▶ _Assignment_
The expected output is exactly the lines below, starting at the line with "This sink is" and ending at the line with "I installed Water", both included; no other line belongs in it.

▶ _Recorded data_
□ □ □

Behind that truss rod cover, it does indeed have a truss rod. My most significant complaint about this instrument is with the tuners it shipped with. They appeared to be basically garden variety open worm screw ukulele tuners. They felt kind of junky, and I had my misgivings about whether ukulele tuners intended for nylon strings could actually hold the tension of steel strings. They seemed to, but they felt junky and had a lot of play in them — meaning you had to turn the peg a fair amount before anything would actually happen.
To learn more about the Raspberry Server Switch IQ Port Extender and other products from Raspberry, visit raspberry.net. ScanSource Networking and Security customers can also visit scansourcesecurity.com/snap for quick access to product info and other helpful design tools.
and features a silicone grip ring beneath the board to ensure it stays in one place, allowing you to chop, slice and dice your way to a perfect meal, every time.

□ □ □

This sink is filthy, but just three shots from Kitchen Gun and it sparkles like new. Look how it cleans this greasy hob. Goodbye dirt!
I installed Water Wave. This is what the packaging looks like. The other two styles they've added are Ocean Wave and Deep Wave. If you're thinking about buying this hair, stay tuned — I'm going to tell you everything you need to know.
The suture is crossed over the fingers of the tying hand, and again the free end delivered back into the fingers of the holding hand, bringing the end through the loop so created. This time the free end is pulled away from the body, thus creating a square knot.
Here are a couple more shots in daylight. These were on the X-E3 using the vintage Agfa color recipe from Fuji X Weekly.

□ □ □

▶ _Written reply_
This sink is filthy, but just three shots from Kitchen Gun and it sparkles like new. Look how it cleans this greasy hob. Goodbye dirt!
I installed Water Wave. This is what the packaging looks like. The other two styles they've added are Ocean Wave and Deep Wave. If you're thinking about buying this hair, stay tuned — I'm going to tell you everything you need to know.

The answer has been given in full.